Ethics approval has been granted by appropriate Queensland ethics committees; Far North Queensland Health Research Ethics Committee (HREC/2019/QCH/50533 (Sep ver 2)-1370), the Townsville HHS Human Research Ethics Committee (HREC/QTHS/56008), the University of Queensland Medical Research Ethics Committee (2020000185/HREC/2019/QCH/50533) and the Children's Health Queensland HHS Human Research Ethics Committee (HREC/20/QCHQ/63906) with governance and support from local First Nations communities. Findings from this study will be disseminated via peer-reviewed publications and conference presentations.
ACTRN12619000969167.
神经发育障碍(NDD),包括脑瘫(CP)、自闭症谱系障碍(ASD)和胎儿酒精谱系障碍(FASD),其特征是早期中枢神经系统发育受损,影响认知和/或身体功能。早期发现 NDD 可以使婴儿快速进入早期干预服务,从而优化结果。原住民和托雷斯海峡岛民婴儿可能经历增加神经发育脆弱性风险的生命早期因素,这些因素会持续到儿童后期,进一步加剧澳大利亚原住民人民面临的健康不平等。LEAP-CP 前瞻性队列研究将调查澳大利亚昆士兰州实施的早期筛查计划的疗效,以更早地识别出有不良神经发育结局(NDO)或 NDD 风险的原住民和托雷斯海峡岛民婴儿。将确定用于识别有不良 NDO 或 NDD 后期诊断风险的“高危”婴儿的早期检测工具的诊断准确性和可行性。

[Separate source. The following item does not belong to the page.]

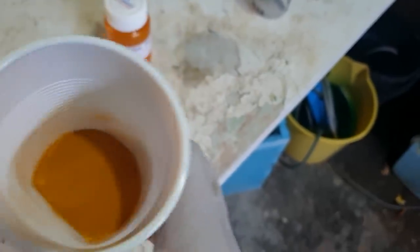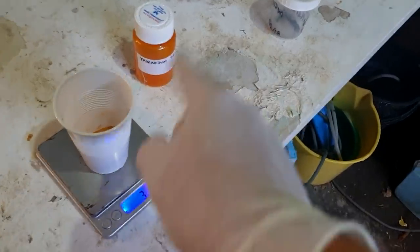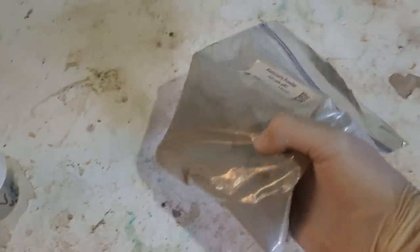Pretty much all vanadium chemistry ends up being very nice, pretty colors. It's not yellow — it's a nice orange color. So let's use 20 grams today. This is my trusty aluminium powder.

将邀请出生于澳大利亚昆士兰州(2020-2022 年出生年份)的原住民和/或托雷斯海峡岛民婴儿参加。9 个月校正年龄(CA)的婴儿将使用(1)一般运动评估(GMA);(2)哈默史密斯婴儿神经检查(HINE);(3)快速神经发育评估(RNDA)和(4)年龄和阶段问卷-原住民改编版(ASQ-TRAK)进行筛查。将在 12 个月 CA 时确定发育结果:(1)神经(HINE);(2)运动(Peabody 发育运动量表 2);(3)认知和沟通(贝利婴儿发育量表 III);(4)功能能力(小儿残疾评估量表-计算机自适应测试)和(5)行为(婴儿-学步儿社会和情感评估)。将根据症状使用发育和诊断结果将婴儿分类为发育正常或“有不良 NDO 和/或特定 NDD 风险”:(1)CP(2)ASD 和(3)FASD。将调查围产期、社会和环境因素、照顾者心理健康和临床神经影像学对 NDO 的影响。
已获得昆士兰州相关伦理委员会的批准;远北昆士兰健康研究伦理委员会(HREC/2019/QCH/50533(Sep ver 2)-1370)、汤斯维尔 HHS 人类研究伦理委员会(HREC/QTHS/56008)、昆士兰大学医学研究伦理委员会(2020000185/HREC/2019/QCH/50533)和昆士兰儿童健康 HHS 人类研究伦理委员会(HREC/20/QCHQ/63906),并得到当地原住民社区的治理和支持。这项研究的结果将通过同行评议的出版物和会议报告进行传播。
ACTRN12619000969167。